Could you return the full listing below exactly as it appears?
====
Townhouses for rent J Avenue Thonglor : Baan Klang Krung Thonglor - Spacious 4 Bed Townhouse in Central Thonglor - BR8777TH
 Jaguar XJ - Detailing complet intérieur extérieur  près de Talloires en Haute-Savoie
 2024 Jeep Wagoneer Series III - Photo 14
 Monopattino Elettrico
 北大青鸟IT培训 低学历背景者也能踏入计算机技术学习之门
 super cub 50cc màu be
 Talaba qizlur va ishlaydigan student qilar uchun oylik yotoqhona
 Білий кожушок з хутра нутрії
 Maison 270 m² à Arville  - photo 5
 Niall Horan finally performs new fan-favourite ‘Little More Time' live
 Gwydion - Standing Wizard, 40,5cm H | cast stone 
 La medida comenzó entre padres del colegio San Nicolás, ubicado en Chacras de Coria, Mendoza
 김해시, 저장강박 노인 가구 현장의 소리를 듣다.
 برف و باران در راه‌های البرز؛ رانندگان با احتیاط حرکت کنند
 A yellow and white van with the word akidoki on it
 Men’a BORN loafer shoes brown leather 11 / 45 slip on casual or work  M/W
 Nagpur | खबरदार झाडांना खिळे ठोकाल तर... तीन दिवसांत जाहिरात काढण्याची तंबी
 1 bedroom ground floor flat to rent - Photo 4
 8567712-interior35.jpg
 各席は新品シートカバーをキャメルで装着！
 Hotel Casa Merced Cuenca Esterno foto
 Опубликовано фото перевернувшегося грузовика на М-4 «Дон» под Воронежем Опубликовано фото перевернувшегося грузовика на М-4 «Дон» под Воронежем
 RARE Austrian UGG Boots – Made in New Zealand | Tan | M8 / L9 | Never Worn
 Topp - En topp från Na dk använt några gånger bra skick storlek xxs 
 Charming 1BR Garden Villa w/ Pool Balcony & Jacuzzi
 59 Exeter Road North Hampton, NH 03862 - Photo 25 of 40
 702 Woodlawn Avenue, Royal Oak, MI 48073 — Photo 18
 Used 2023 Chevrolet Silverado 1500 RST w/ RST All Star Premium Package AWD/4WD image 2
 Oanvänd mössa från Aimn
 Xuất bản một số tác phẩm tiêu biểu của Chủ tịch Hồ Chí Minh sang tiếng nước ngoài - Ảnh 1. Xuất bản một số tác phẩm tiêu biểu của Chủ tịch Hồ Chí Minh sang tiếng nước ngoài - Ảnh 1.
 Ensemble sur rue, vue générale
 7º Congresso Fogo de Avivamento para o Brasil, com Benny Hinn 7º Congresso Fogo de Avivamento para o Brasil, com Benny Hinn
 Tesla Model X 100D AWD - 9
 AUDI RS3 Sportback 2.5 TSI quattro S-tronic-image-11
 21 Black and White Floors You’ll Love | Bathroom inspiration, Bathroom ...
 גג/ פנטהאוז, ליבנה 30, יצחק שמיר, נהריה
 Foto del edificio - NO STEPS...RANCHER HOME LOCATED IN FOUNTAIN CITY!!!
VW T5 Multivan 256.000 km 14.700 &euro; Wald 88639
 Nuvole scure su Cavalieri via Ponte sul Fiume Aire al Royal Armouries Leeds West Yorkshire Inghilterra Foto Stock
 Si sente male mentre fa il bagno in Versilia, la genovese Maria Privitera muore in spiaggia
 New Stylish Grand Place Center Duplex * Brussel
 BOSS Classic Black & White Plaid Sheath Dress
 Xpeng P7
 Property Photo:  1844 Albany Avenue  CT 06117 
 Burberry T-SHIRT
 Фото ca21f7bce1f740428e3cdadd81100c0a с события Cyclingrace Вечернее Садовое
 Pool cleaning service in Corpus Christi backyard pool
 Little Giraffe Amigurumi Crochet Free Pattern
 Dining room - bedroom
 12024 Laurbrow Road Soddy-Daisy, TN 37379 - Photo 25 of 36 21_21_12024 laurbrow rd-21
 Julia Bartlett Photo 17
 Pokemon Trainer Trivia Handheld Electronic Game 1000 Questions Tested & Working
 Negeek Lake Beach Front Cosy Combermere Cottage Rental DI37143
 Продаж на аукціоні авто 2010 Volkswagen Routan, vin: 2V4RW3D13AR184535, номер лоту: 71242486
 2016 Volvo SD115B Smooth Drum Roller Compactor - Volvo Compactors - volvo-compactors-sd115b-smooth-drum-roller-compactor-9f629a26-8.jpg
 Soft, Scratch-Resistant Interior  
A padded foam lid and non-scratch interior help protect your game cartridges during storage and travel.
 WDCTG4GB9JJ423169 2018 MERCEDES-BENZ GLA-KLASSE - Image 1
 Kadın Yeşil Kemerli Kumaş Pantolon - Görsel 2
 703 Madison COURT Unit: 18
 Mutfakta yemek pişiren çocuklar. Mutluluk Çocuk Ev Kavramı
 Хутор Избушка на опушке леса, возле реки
====
Solution →
Townhouses for rent J Avenue Thonglor : Baan Klang Krung Thonglor - Spacious 4 Bed Townhouse in Central Thonglor - BR8777TH
 Jaguar XJ - Detailing complet intérieur extérieur  près de Talloires en Haute-Savoie
 2024 Jeep Wagoneer Series III - Photo 14
 Monopattino Elettrico
 北大青鸟IT培训 低学历背景者也能踏入计算机技术学习之门
 super cub 50cc màu be
 Talaba qizlur va ishlaydigan student qilar uchun oylik yotoqhona
 Білий кожушок з хутра нутрії
 Maison 270 m² à Arville  - photo 5
 Niall Horan finally performs new fan-favourite ‘Little More Time' live
 Gwydion - Standing Wizard, 40,5cm H | cast stone 
 La medida comenzó entre padres del colegio San Nicolás, ubicado en Chacras de Coria, Mendoza
 김해시, 저장강박 노인 가구 현장의 소리를 듣다.
 برف و باران در راه‌های البرز؛ رانندگان با احتیاط حرکت کنند
 A yellow and white van with the word akidoki on it
 Men’a BORN loafer shoes brown leather 11 / 45 slip on casual or work  M/W
 Nagpur | खबरदार झाडांना खिळे ठोकाल तर... तीन दिवसांत जाहिरात काढण्याची तंबी
 1 bedroom ground floor flat to rent - Photo 4
 8567712-interior35.jpg
 各席は新品シートカバーをキャメルで装着！
 Hotel Casa Merced Cuenca Esterno foto
 Опубликовано фото перевернувшегося грузовика на М-4 «Дон» под Воронежем Опубликовано фото перевернувшегося грузовика на М-4 «Дон» под Воронежем
 RARE Austrian UGG Boots – Made in New Zealand | Tan | M8 / L9 | Never Worn
 Topp - En topp från Na dk använt några gånger bra skick storlek xxs 
 Charming 1BR Garden Villa w/ Pool Balcony & Jacuzzi
 59 Exeter Road North Hampton, NH 03862 - Photo 25 of 40
 702 Woodlawn Avenue, Royal Oak, MI 48073 — Photo 18
 Used 2023 Chevrolet Silverado 1500 RST w/ RST All Star Premium Package AWD/4WD image 2
 Oanvänd mössa från Aimn
 Xuất bản một số tác phẩm tiêu biểu của Chủ tịch Hồ Chí Minh sang tiếng nước ngoài - Ảnh 1. Xuất bản một số tác phẩm tiêu biểu của Chủ tịch Hồ Chí Minh sang tiếng nước ngoài - Ảnh 1.
 Ensemble sur rue, vue générale
 7º Congresso Fogo de Avivamento para o Brasil, com Benny Hinn 7º Congresso Fogo de Avivamento para o Brasil, com Benny Hinn
 Tesla Model X 100D AWD - 9
 AUDI RS3 Sportback 2.5 TSI quattro S-tronic-image-11
 21 Black and White Floors You’ll Love | Bathroom inspiration, Bathroom ...
 גג/ פנטהאוז, ליבנה 30, יצחק שמיר, נהריה
 Foto del edificio - NO STEPS...RANCHER HOME LOCATED IN FOUNTAIN CITY!!!
VW T5 Multivan 256.000 km 14.700 &euro; Wald 88639
 Nuvole scure su Cavalieri via Ponte sul Fiume Aire al Royal Armouries Leeds West Yorkshire Inghilterra Foto Stock
 Si sente male mentre fa il bagno in Versilia, la genovese Maria Privitera muore in spiaggia
 New Stylish Grand Place Center Duplex * Brussel
 BOSS Classic Black & White Plaid Sheath Dress
 Xpeng P7
 Property Photo:  1844 Albany Avenue  CT 06117 
 Burberry T-SHIRT
 Фото ca21f7bce1f740428e3cdadd81100c0a с события Cyclingrace Вечернее Садовое
 Pool cleaning service in Corpus Christi backyard pool
 Little Giraffe Amigurumi Crochet Free Pattern
 Dining room - bedroom
 12024 Laurbrow Road Soddy-Daisy, TN 37379 - Photo 25 of 36 21_21_12024 laurbrow rd-21
 Julia Bartlett Photo 17
 Pokemon Trainer Trivia Handheld Electronic Game 1000 Questions Tested & Working
 Negeek Lake Beach Front Cosy Combermere Cottage Rental DI37143
 Продаж на аукціоні авто 2010 Volkswagen Routan, vin: 2V4RW3D13AR184535, номер лоту: 71242486
 2016 Volvo SD115B Smooth Drum Roller Compactor - Volvo Compactors - volvo-compactors-sd115b-smooth-drum-roller-compactor-9f629a26-8.jpg
 Soft, Scratch-Resistant Interior  
A padded foam lid and non-scratch interior help protect your game cartridges during storage and travel.
 WDCTG4GB9JJ423169 2018 MERCEDES-BENZ GLA-KLASSE - Image 1
 Kadın Yeşil Kemerli Kumaş Pantolon - Görsel 2
 703 Madison COURT Unit: 18
 Mutfakta yemek pişiren çocuklar. Mutluluk Çocuk Ev Kavramı
 Хутор Избушка на опушке леса, возле реки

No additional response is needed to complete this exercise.